Role of scaling dimensions in generalized noises in fractional quantum Hall tunneling due to a temperature bias
Matteo Acciai, Gu Zhang, Christian Spånslätt
TL;DR
This work analyzes temperature-biased transport in a fractional quantum Hall quantum point contact using chiral Luttinger liquid theory to extract the scaling dimensions of tunneling quasiparticles. It derives comprehensive analytic and numerical results for delta-\(T\) noise, heat-current noise, and mixed noise, including cross-correlations, in both small- and large-temperature-bias limits, and introduces an effective density of states to unify the description with scattering concepts. The paper shows that scaling dimensions imprint distinct signatures on delta-\(T\) and heat-noise, enabling determination of exchange statistics and edge structure in Laughlin states; mixed noise provides a diagnostic of particle-hole symmetry breaking and thermoelectric response.
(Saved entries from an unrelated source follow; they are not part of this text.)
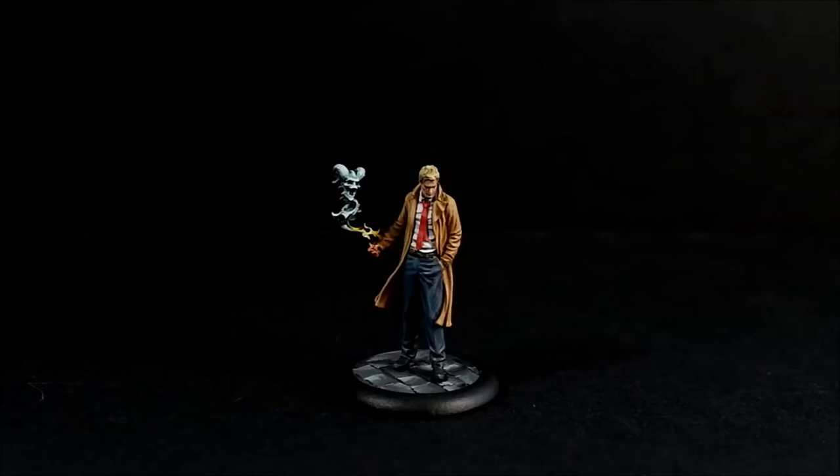Hello, it's Darkblade here again. It's another tutorial from the Batman miniature game. This one is John Constantine. We'll be doing this one from start to finish, so yeah, let's get started.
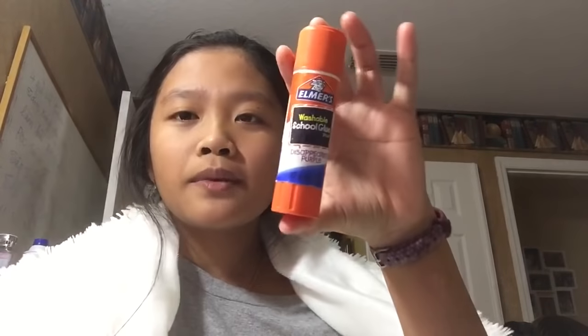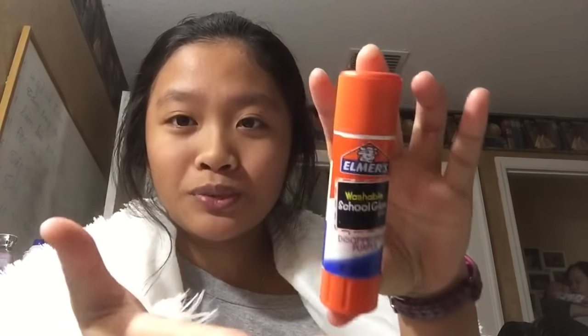Today I'm going to be showing you guys how to make slime — slash putty I guess — because it doesn't really have a slimy texture after a day, but it's cool. I'm going to be showing you how to make slime out of a glue stick. Oh yeah, meet my brother Kayden!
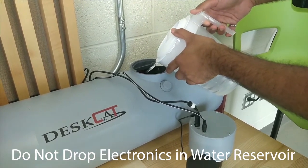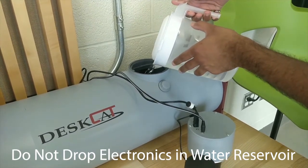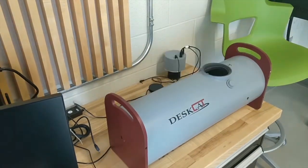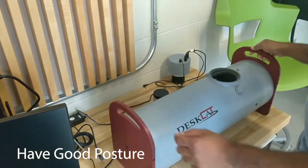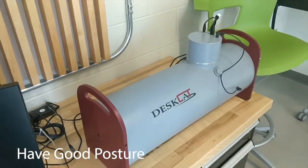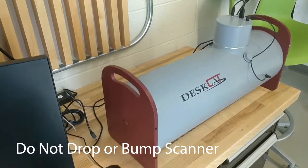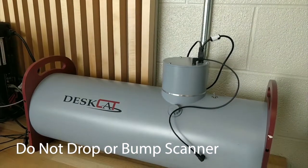Do not place or drop any kind of electronics in the fluid container part of the scanner at any given time. When lifting or moving the scanner, only hold onto the handles. When handling the scanner, always be in good posture to ensure that there is no bodily harm to the user, anyone around, or damage to the scanner itself. Do not drop the scanner on the floor or bump against hard surfaces, as this could cause serious damage to the scanner.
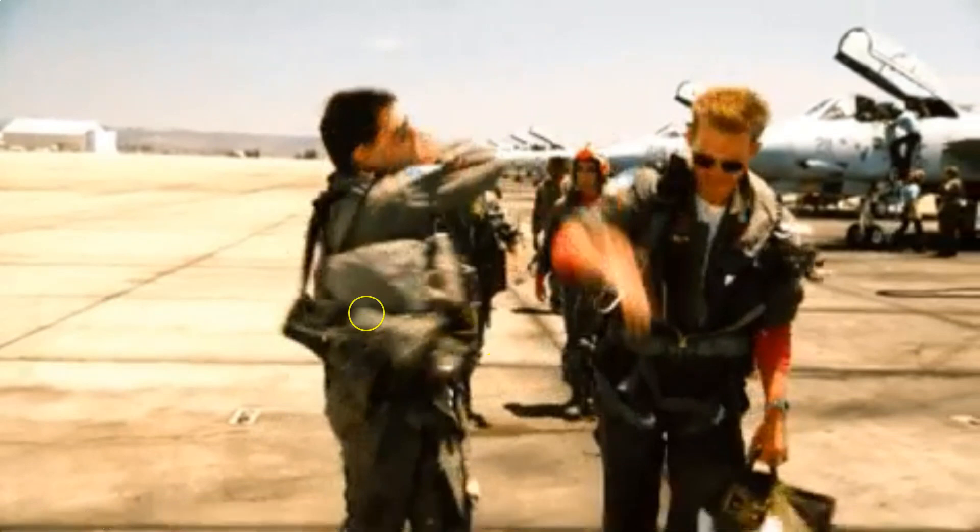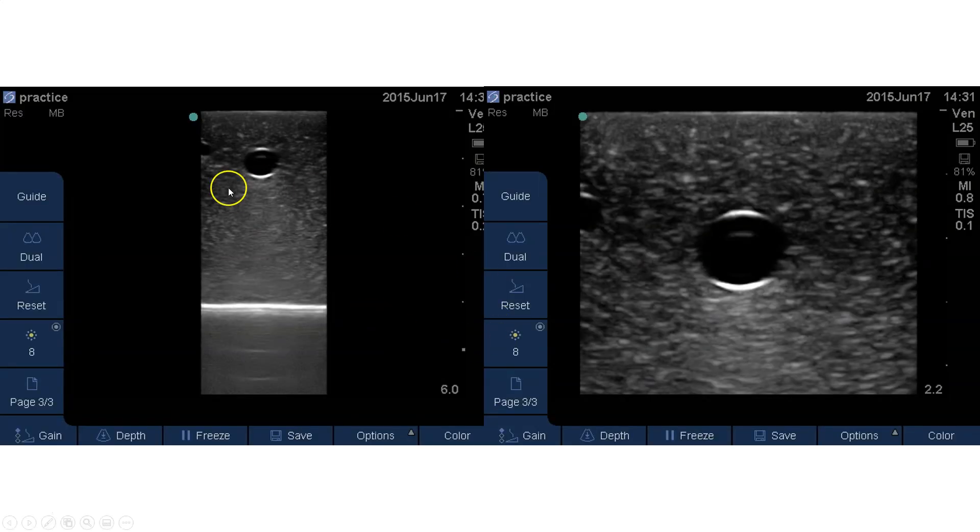A couple more pearls. Looking at two pictures — which would be an easier catheter to place? The one with more screen real estate, right? Not the one that's zoomed way out. Any movements you make are much more easily visible on a more zoomed-in screen. This isn't about zoom — it's about depth. Using a zoom function gives you optical zoom with pixelation and data loss. Instead, simply decrease the depth so you're focusing on just the area you need, and you get a much better picture. Use all your real estate, and adjust the gain so that black should be black — the area within the vessel should be anechoic.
Overall, the results extend noise spectroscopy as a practical tool for probing strongly correlated edge physics and offer a framework applicable to other one-dimensional, strongly interacting systems beyond the Laughlin FQH regime.
Abstract
Continued improvement of heat control in mesoscopic conductors brings novel tools for probing strongly correlated electron phenomena. Motivated by these advances, we comprehensively study transport due to a temperature bias in a quantum point contact device in the fractional quantum Hall regime. We compute the charge-current noise (so-called delta-$T$ noise), heat-current noise, and mixed noise and elucidate how these observables can be used to infer strongly correlated properties of the device. Our main focus is the extraction of so-called scaling dimensions of the tunneling anyonic quasiparticles, of critical importance to correctly infer their anyonic exchange statistics.